Any pictures in the records below must be left out when you repeat the lines from the line containing "Elith Cotton-Linen Button" through the line containing "Burgundy Dip Nails" exactly.

---+---

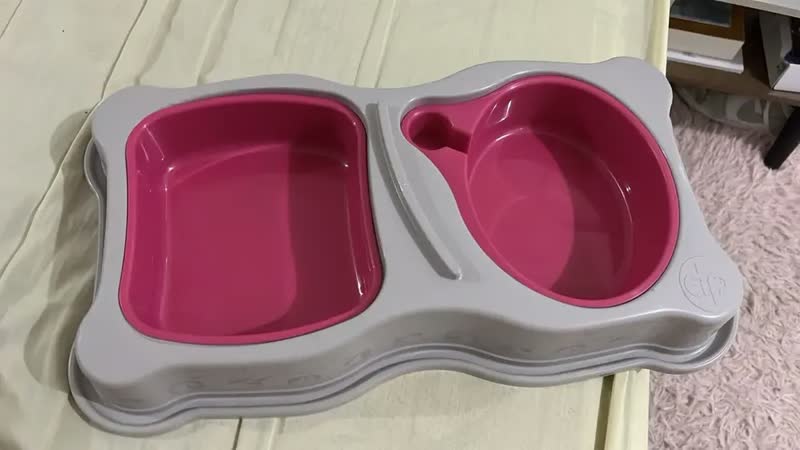 foto de Kit Comedouro Bebedouro Pet Cachorros Gatos Grande 750/550ml Cor Vermelho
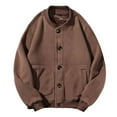 thumbnail image 1 of LpwkSSA Men's Sports Jacket Casual Solid Color Long Sleeve Coat with Zippered Pockets Polyester Fleece Winter Outerwear for Daily Wear Brown XXL, 1 of 6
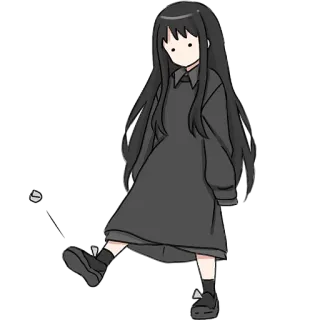 😐 e7745f32 chica anime, dibujo animado, pelo negro, vestido, kawaii telegram sticker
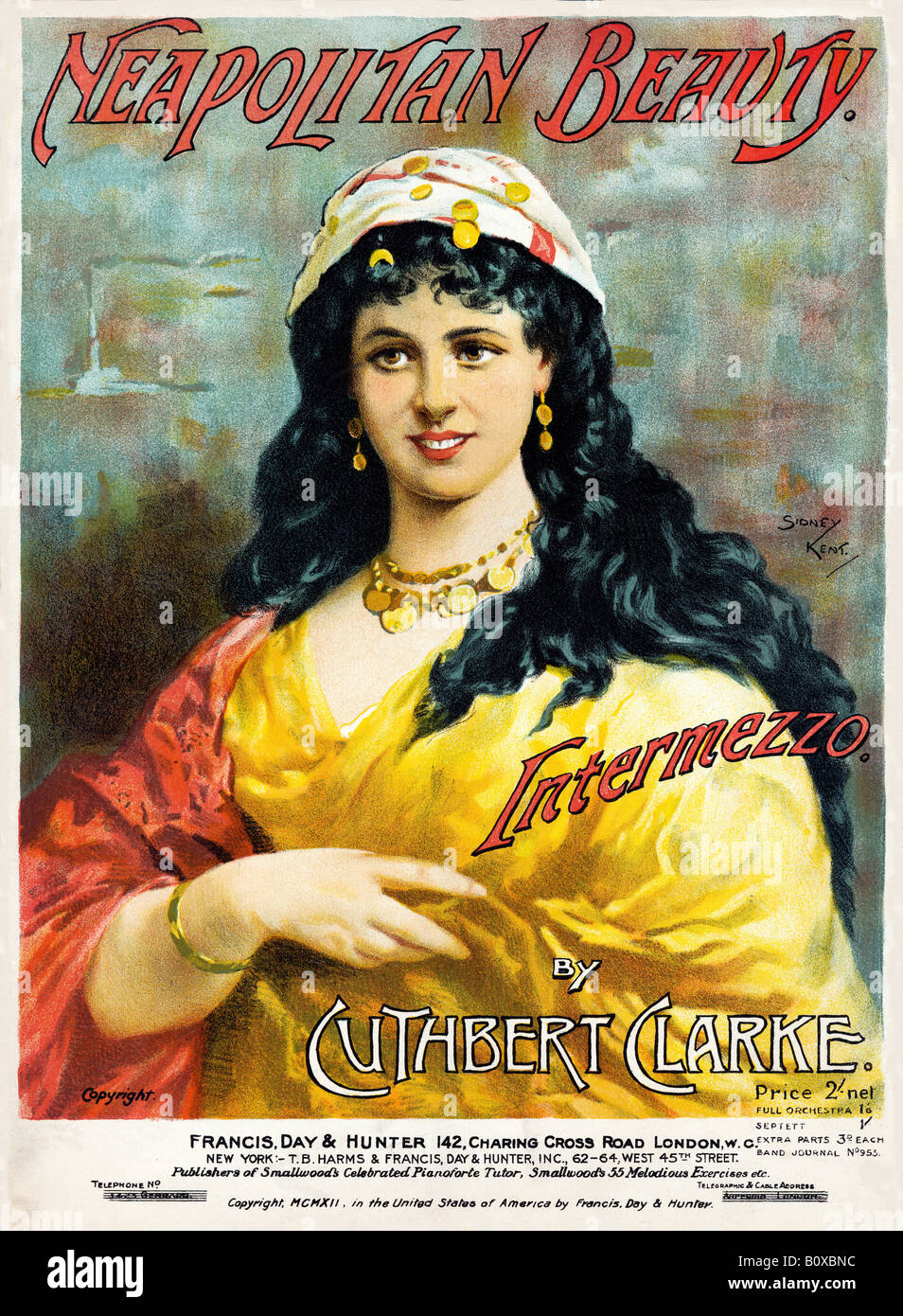 Neapolitanische Schönheit 1912 Notenblatt mit einer schönen Dame von Neapel auf dem Cover der Käufer anzulocken Stockfoto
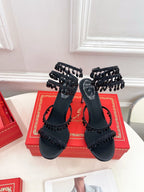 RC 25 Crystal Tassel High-Heeled Sandals Black Silk Crystal Diamond 253539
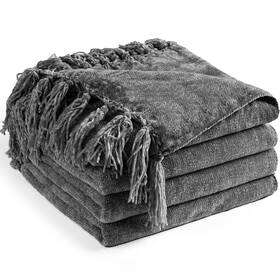 Lgb-c-s01 Long Create Chenille Throw Blanket 50 Inch X60 Soft Cozy Tassel Fringe Boho Sofa Cover Dark Grey
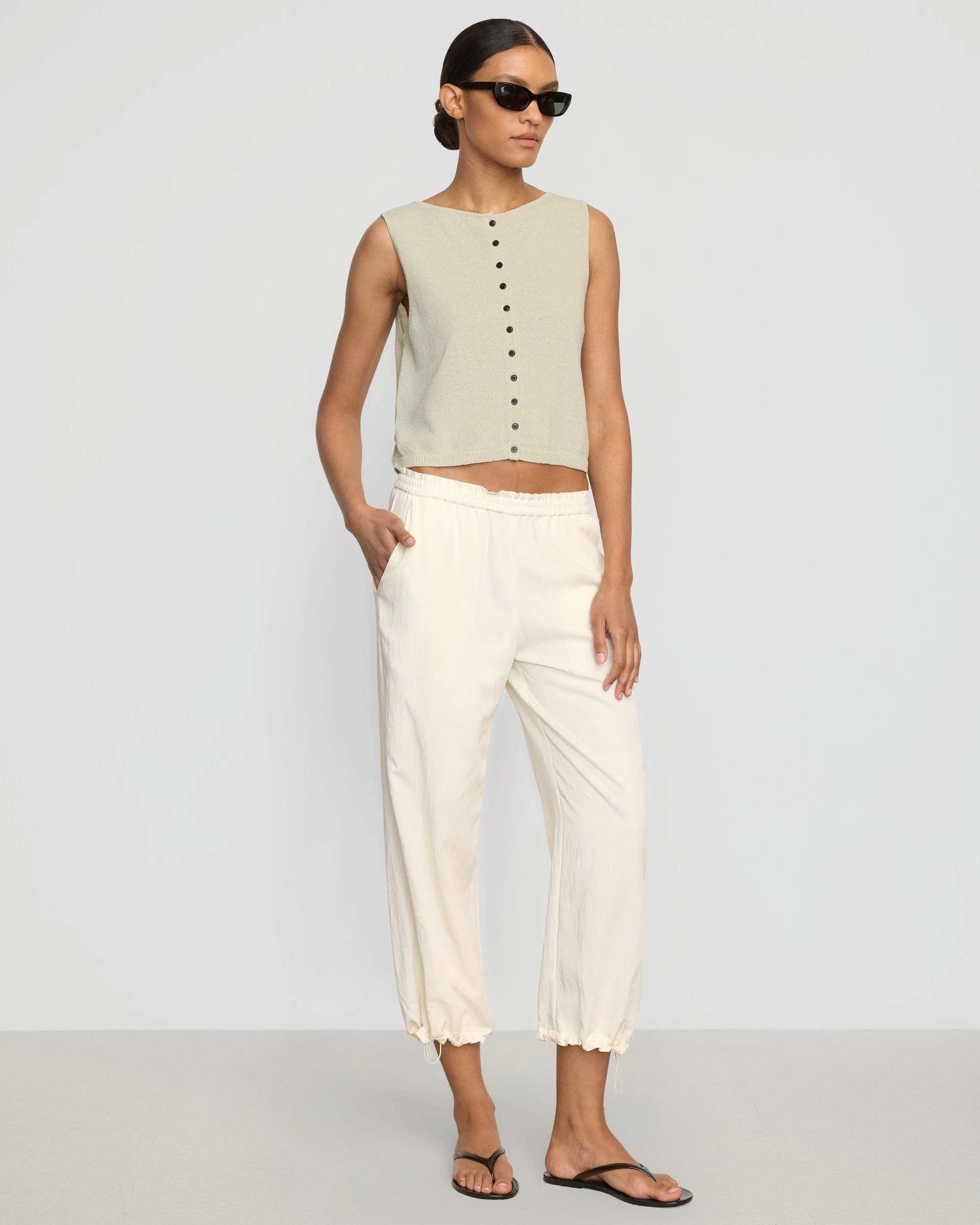 Elith Cotton-Linen Button Knit Vest - Image 5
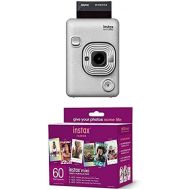 Fujifilm Instax Mini Liplay Hybrid Instant Camera - Stone White + w/60-pack
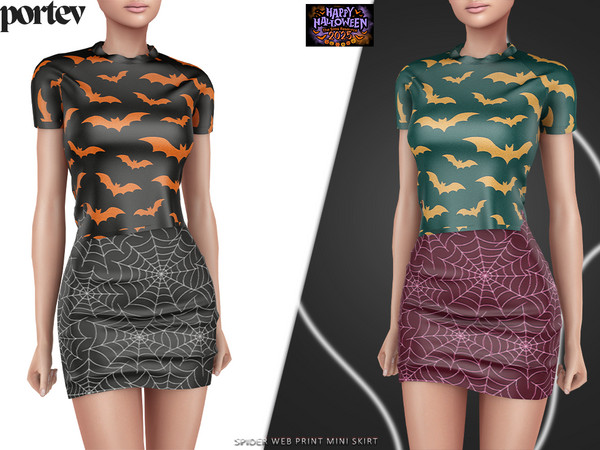 Sims 4 — spider web print mini skirt by portev — new Mesh 5 colors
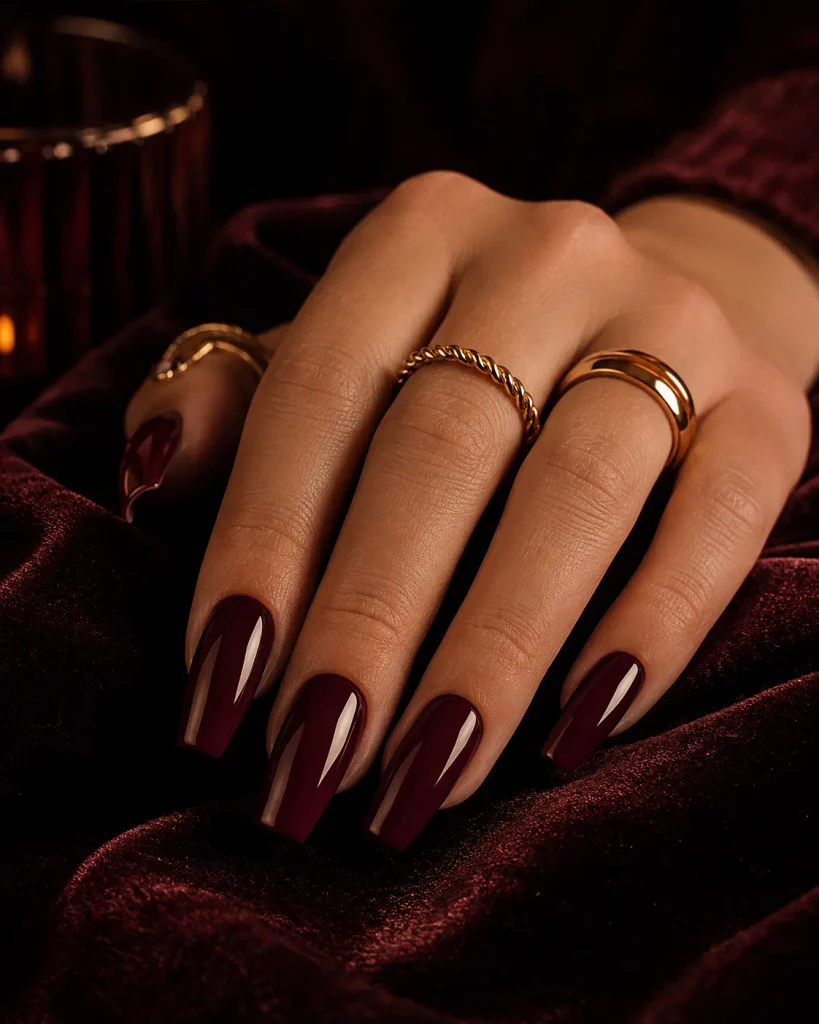 Burgundy Dip Nails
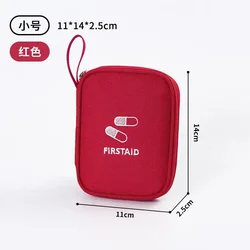 Compact Travel First Aid Organizer - Portable Medicine Pouch with Double Zippers (S RED)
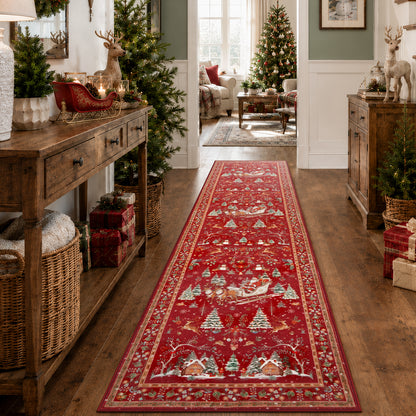 Lahome Decor  Christmas Area Rug, Washable Rug for Living Room, Non Slip Low Pile Soft Bedroom Rug Xmas Tree Elk Indoor Floor Carpet for Dining Room Winter Holiday Decor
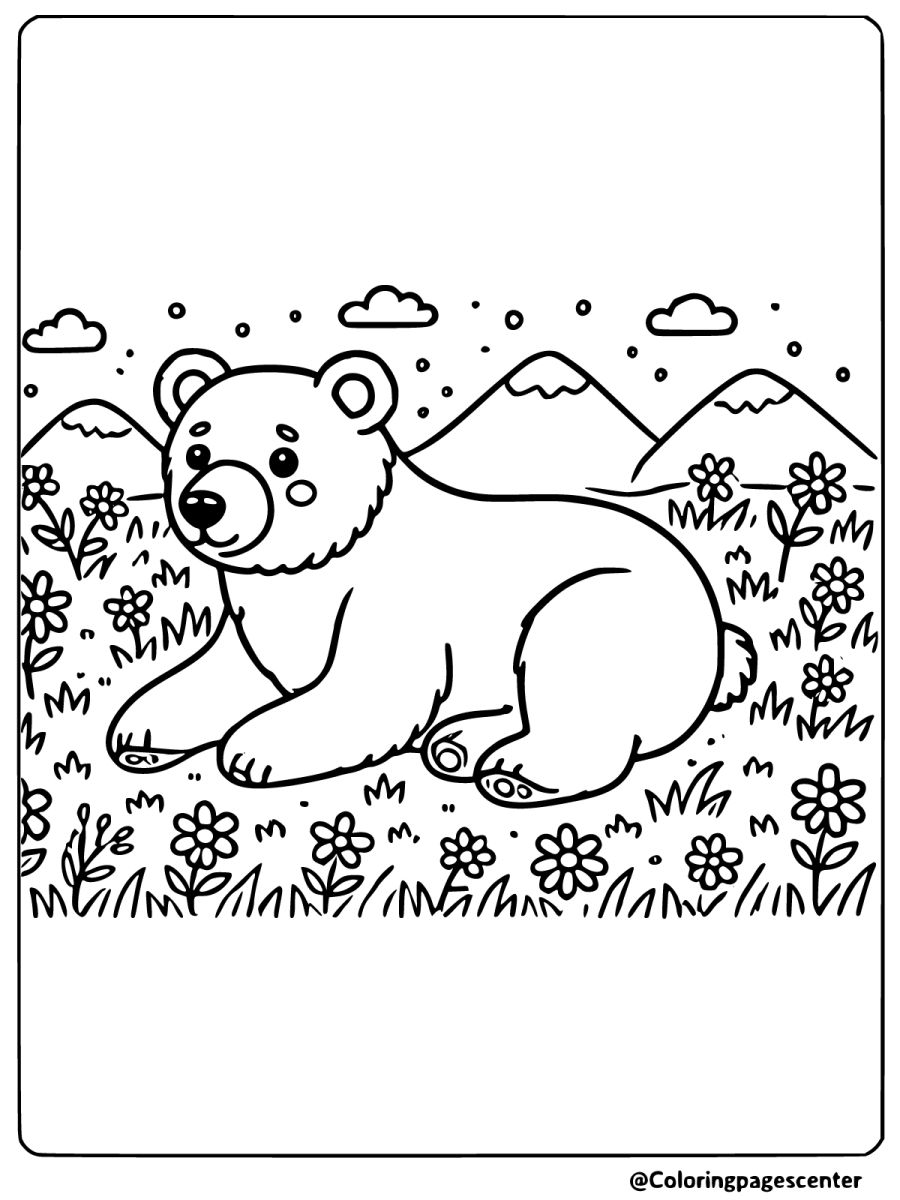 Brown bear lying in a flower meadow coloring page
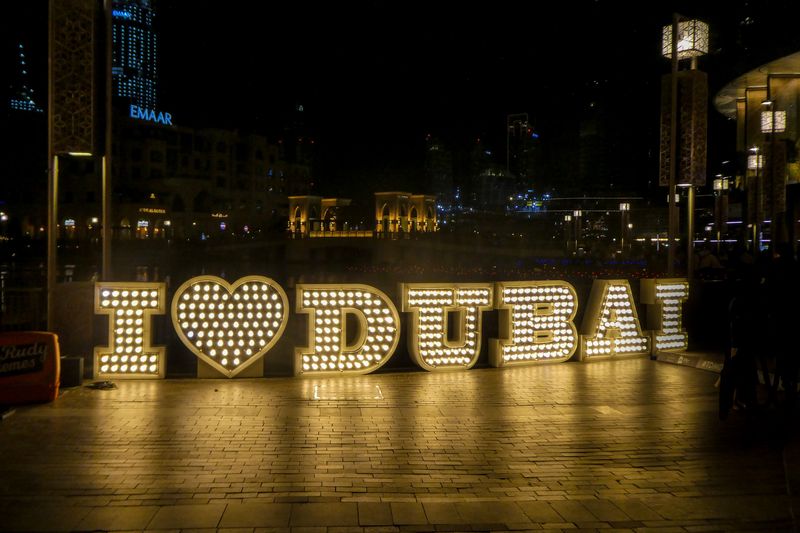 Dubai's Nighttime 'I Love Dubai' Sign, Burj Khalifa Lake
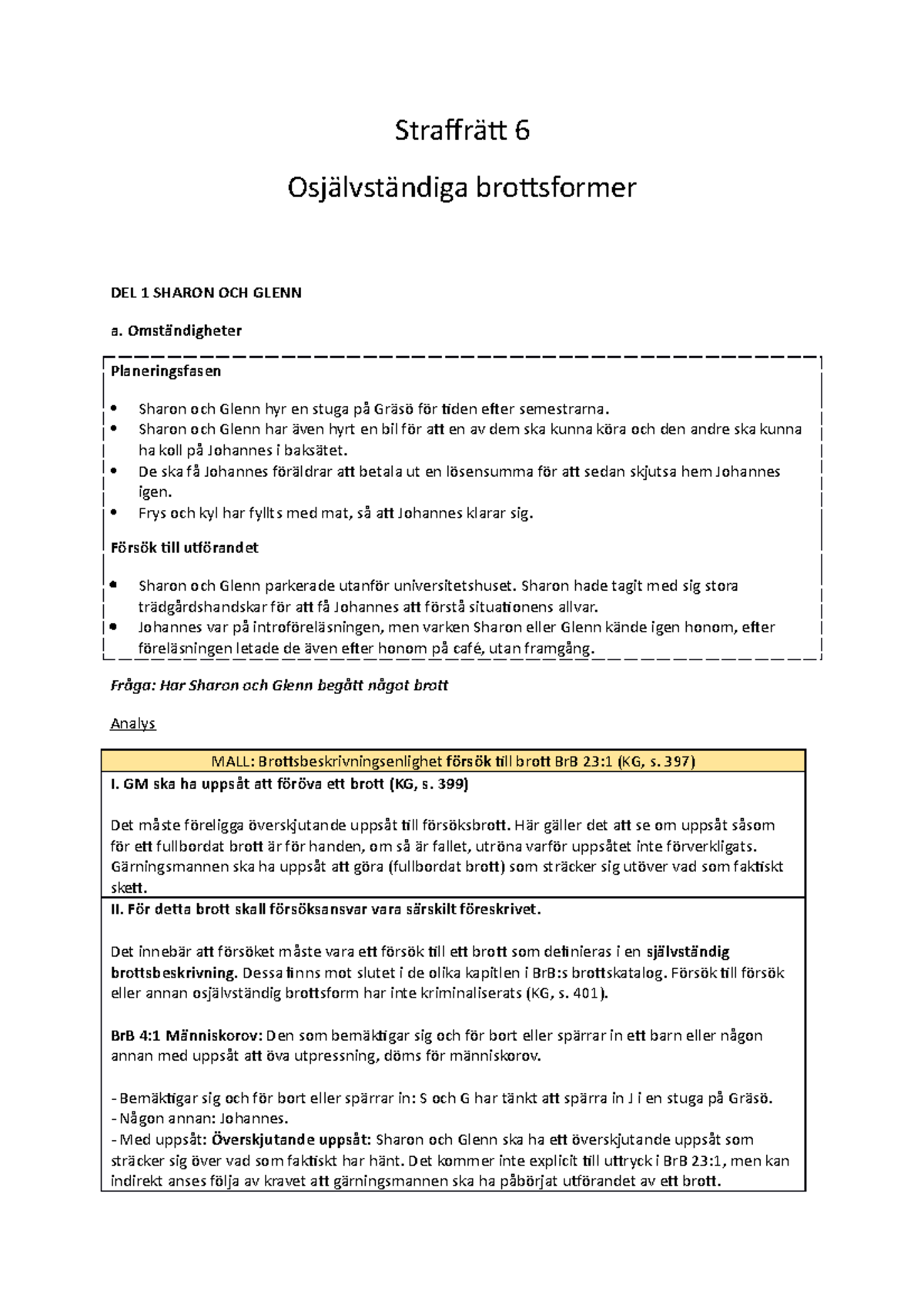 Straffrätt 6 - Semanteckningar - Straffrätt 6 Osjälvständiga ...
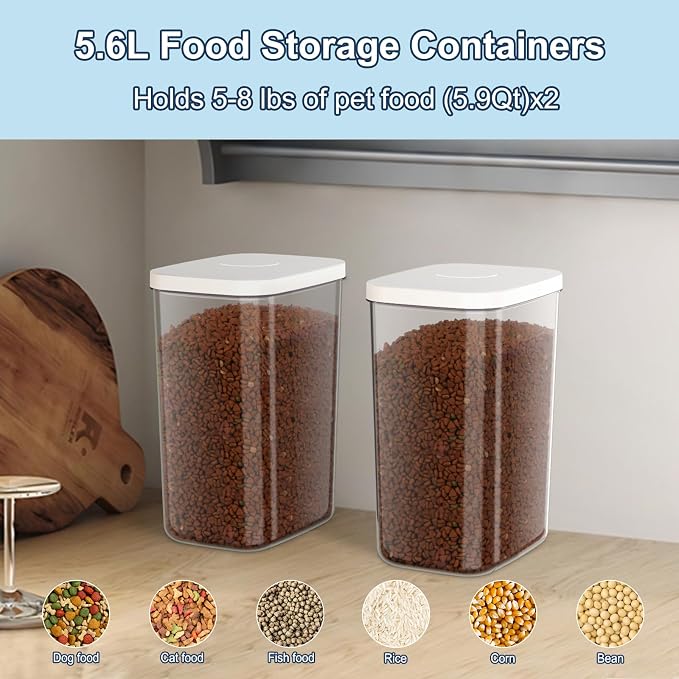 LEAWALK 5-8 Lbs/6Qt Airtight Dog Cat Food Storage Container and Pet Storage Bin BPA-Free, PET Clear Stackable Dog Treat Containers Measuring Scoop Suitable for Dogs Food, Cats Food and Other Dry-1Pack - Image 7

---+---

● Answer space
 Elith Cotton-Linen Button Knit Vest - Image 5
 Fujifilm Instax Mini Liplay Hybrid Instant Camera - Stone White + w/60-pack
 Sims 4 — spider web print mini skirt by portev — new Mesh 5 colors
 Burgundy Dip Nails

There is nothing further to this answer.